ESTÁ LLEGANDO A su fin el trámite de la ley marco de educación. Un esfuerzo que partió con el cuestionamiento de los estudiantes a la LOCE y a la inequidad en las aulas; que fue asumido por la Presidenta Michelle Bachelet convocando a un Consejo Asesor amplio y plural y que luego, tras el envío de la LGE al Congreso, quedó enredado en una mala negociación política con la derecha, culminando en un texto que avanza sólo en un aggiornamiento del modelo de mercado de la educación chilena y que no es la reforma estructural a que aspiraban alumnos, profesores y una parte no mayoritaria de la Concertación.
Sentimos una enorme frustración. Respecto del procedimiento, por la inexistencia en la Cámara de Diputados de un debate serio, que diera cuenta de la importancia del tema y del hecho histórico de discutir una ley marco en democracia. Se jugó con las urgencias, se impidió discutir indicaciones y, en definitiva, se suprimió toda disidencia. Y en lo sustantivo, porque esta ley no cambia ninguno de los tres ejes estructurales del modelo que se impuso en Chile.
Primero, esta LGE no pone al humanismo en el centro de la concepción de la educación. El enfoque tecnocrático y economicista seguirá siendo hegemónico. Sigue vigente una visión de la calidad como la transmisión estandarizada y medible, con instrumentos sicométricos, de conocimientos de lenguaje, matemáticas y otras disciplinas. Hemos perdido los que aspiramos a una educación para formar seres humanos; los que queremos generaciones imbuidas en valores, virtudes, principios y sentimientos, además, por cierto de los contenidos indispensables; los que creemos que la calidad se mide también con enfoques comprensivos e integrales, que recojan la realidad de los alumnos.
Segundo, esta LGE no hace de la educación un factor que apunte a superar las inequidades de nuestra sociedad, sino que, peor aún, contribuye a agudizarlas. Se reafirma la idea de un mercado o cuasimercado educacional, en que todos compiten por igual. Hemos perdido los que vimos en este proyecto una posibilidad de enfrentar decididamente la desigualdad; los que creemos en una sociedad que entregue a todos los chilenos, independiente de su condición y origen, las herramientas básicas para desenvolverse; los que estamos convencidos de que es muy importante avanzar en la calidad, pero que de nada sirve una buena educación segmentada.

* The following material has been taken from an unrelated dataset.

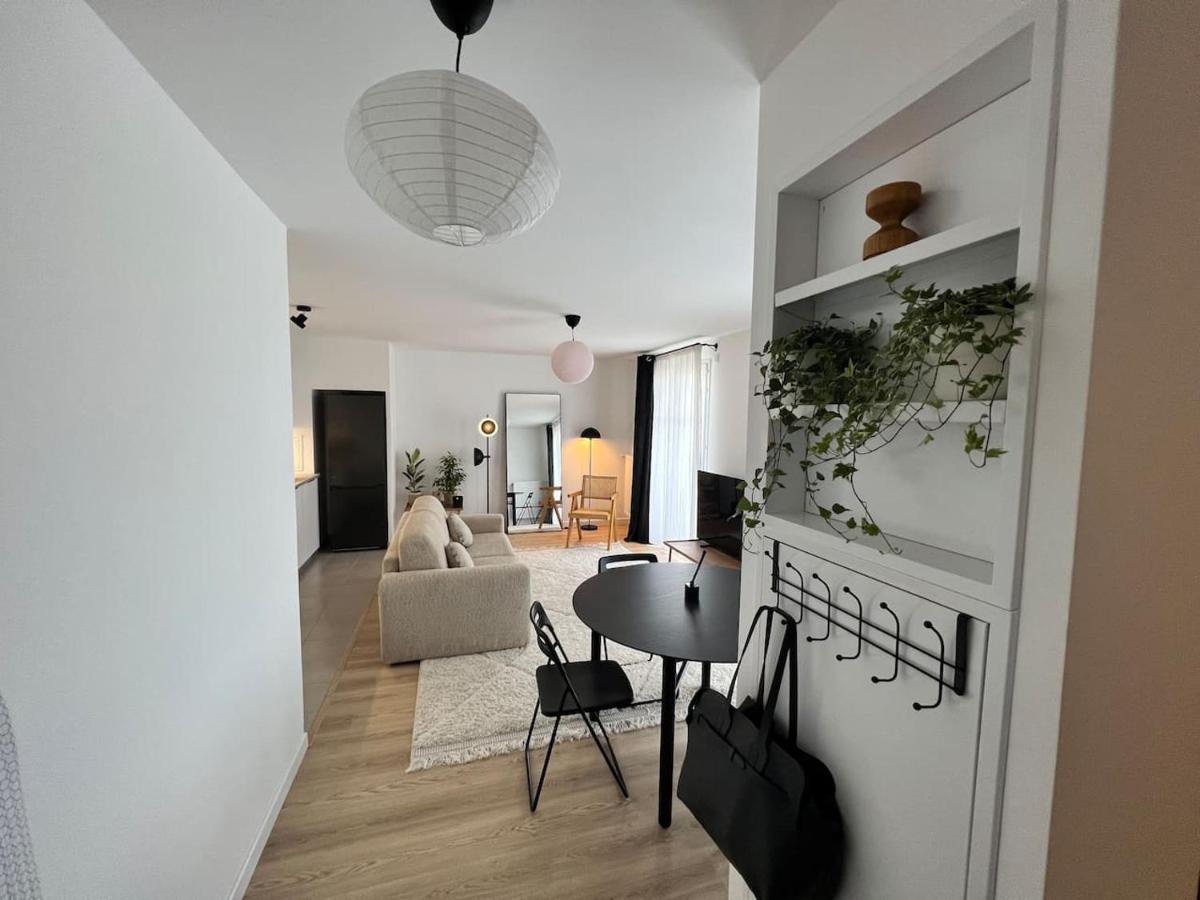 Disneyland Minimalist Lifestyle - 5 Pax Apartment Сери Екстериор снимка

Tercero, en esta LGE el Estado no asume como desafío preferente el fortalecimiento de la educación pública. Pese a que se consagró, en el Senado, un sistema mixto, no existe un compromiso preferente con ella, con la que forma a los niños y los jóvenes de menores ingresos, con la que promueve valores y principios universales, con la que se propone articular la diversidad de la República. Hemos perdido quienes esperábamos un compromiso claro del Estado con sus establecimientos; los que aspiramos a que dispusieran de recursos, a lo menos, para equiparar el gasto por alumno que se logra en la educación particular subvencionada con el aporte fiscal y el de los padres.
En resumen, este proyecto, que probablemente regirá al país a lo menos por un par de décadas, tiene algunos avances, como la Agencia para la Calidad, la Superintendencia, el Consejo Nacional de Educación y los requisitos adicionales para sostenedores, pero presenta demasiadas deficiencias; fue abordado con más prisa que rigurosidad y no responde a lo que los estudiantes reclamaron a nuestra sociedad con sus movilizaciones.